Being a grownup is hard. Even the mundane things seem unnecessarily difficult. The current struggle in my life is my car needs new tires. So, like a responsible adult, I went and got several quotes. And because I’m no car enthusiast, I asked what each tire professional would recommend for my Jeep, and every single one of them suggested a different tire. From what I can tell, all the tires are good quality, and they are around the same price. So what’s a clueless young adult to do?
If you’ve read any of my previous blogs, you know that I am what the world likes to refer to as a Millennial (those of us born between 1980 and 2000). There are currently 80 million Millennials with an annual purchasing power of $200 billion. As marketers are discovering, we aren’t all that fond of brand advertising. Instead, Millennials prefer content marketing because it’s more personal and authentic. We want ebooks, opinion articles, how-to videos and wikis that cover the topic and give us the nitty-gritty, so we can make educated decisions for ourselves.

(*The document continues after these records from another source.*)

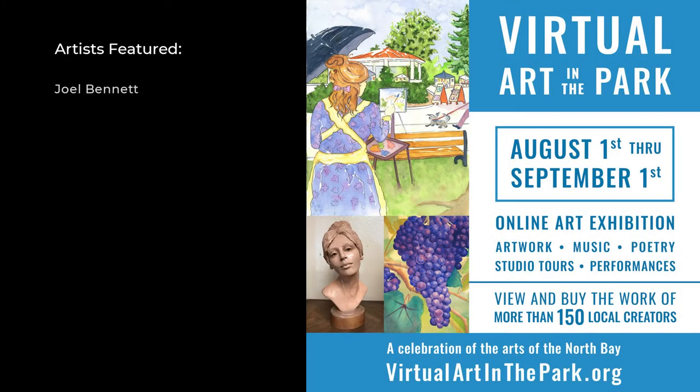To see more from these creators and more than 150 other artists, musicians and poets, visit virtualartinthepark.org.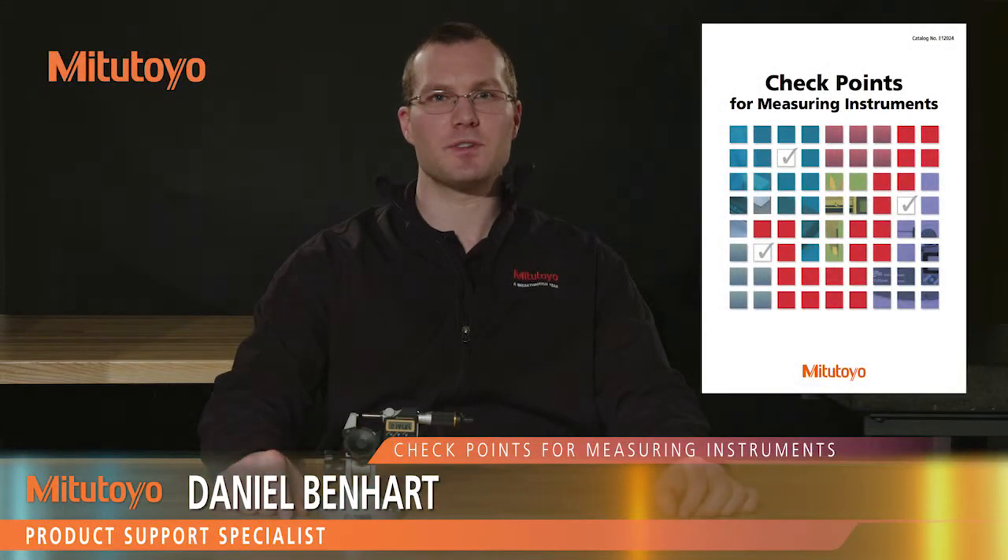I'm Dan Benhart, product support specialist with Mitutoyo America Corporation. In this episode, we'll be talking about basic use and maintenance of our Digimatic micrometers.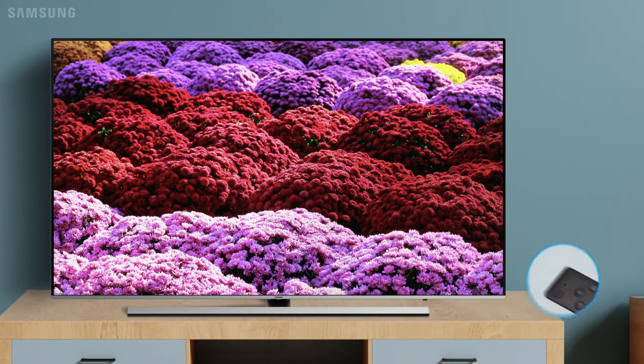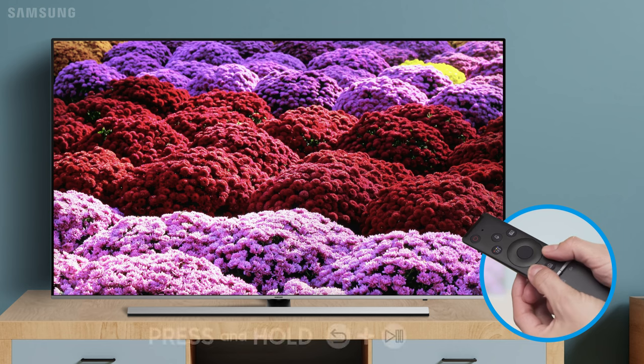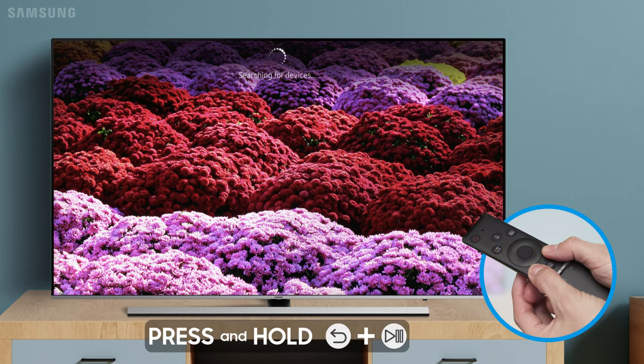With the TV powered on, hold the remote one to two feet away from the TV, aiming it at the screen. Then, press the return and play/pause buttons at the same time for five seconds.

But let’s be clear: we aren’t looking for content that advertises your product. It’s come to the point where the main message should no longer be about the product, but about the life of the user. Sure, you could make a video on how your tire retains pressure better than others, but you should also make a video on how to check tire pressure, as that’s the kind of material Millennials crave.
Developing a Road Map for Content Marketing
This is long-term marketing. The idea is that the viewer will remember the helpful information and recall that you gave it to them, so when it’s time to get new tires, the choice is easy. You’re building trust, crafting a relationship and tying your brand to something bigger than the product it sells.
Ryan Jenkins’ blog post, 28 Revealing Millennial Statistics to Help Boost Your Next Generation Branding Strategy, shows Millennials are 247% more likely to be influenced by blogs or social networking sites than other generations and that 60% of Millennials are actively using and uploading content to social sites. That’s a lot of opportunity to build your brand without being pushy about your products. There’s even more good news. Millennials are 2.5 times more likely than Baby Boomers to share a social-media link that references a brand. And because Millennials are significantly more likely to buy a product based on what their friends and other consumers recommend, rather than which company they’ve seen the most ads from, those shared links are likely to earn you customers.
The hardest part of using content marketing is finding a way to get the consumer to see it. And that’s a tricky one, because not only are there dozens of extremely popular social media sites to peruse, but each one has thousands of different channels and pages to choose from. Plus, if you have a product like tires, the likelihood of someone actively searching for your content isn’t great.
The best way to drive that traffic is through traditional advertising like direct marketing, because it connects brands to individuals on a more personal level than say, a magazine would. Plus, with the promotions of the USPS and technological advances, it’s easier than ever to incorporate QR codes, pURLs, augmented reality and other tactics to connect prospects and customers to valuable content. It extends the conversation and deepens it with an audience segment that wants it.
So no matter what you’re selling, think about how you can add value to your brand for your Millennial audience by embracing content marketing, even if you sell tires… especially if you sell tires.